For some women, this would fall under the category of No Big Whoop. Some women are social animals. Me, well…I thought I wasn’t, but maybe I just needed a little more confidence. And, to be honest, I needed a little less self-absorption. Now, it’s less about trying to be my awesomest and hoping people like me. Truly, the more I care for these amazing people and genuinely need to know about their lives, the less I care about whether they really want to hear from me. Now I just know that they do. And if they’re too busy, it’s nothing personal; it’s life.
I don’t know a whole lot about what caused this shift in my view of myself and my friends, but I’m certain it has a lot to do with my roommate mother-in-law. I’ve experienced first-hand her genuine character, her caring for long-term friends, the mirth with which she tells stories of my husband and his brother growing up on their cul-de-sac with the family-like neighbors with whom she still keeps in contact.
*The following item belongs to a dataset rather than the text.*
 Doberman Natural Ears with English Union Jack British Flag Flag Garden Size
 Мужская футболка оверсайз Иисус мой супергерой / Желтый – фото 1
I have transitioned out of the superficial friendship, where small talk (and, subsequently judgment, both of myself and the friend) is required at every encounter. It’s a version of friendship I’d never witnessed before but that I now see myself cultivating among my dearest comrades (a lot of this blog I fear is going to be about examining the not-too-endearing qualities I gleaned from my own mother, from whom I’ve been estranged for a little over two years).
At any rate, I am so very thankful for the dear friendships I have and am apparently still finding. This very grownup feeling of getting more joy out of what I put in than what I take out ain’t so bad, either.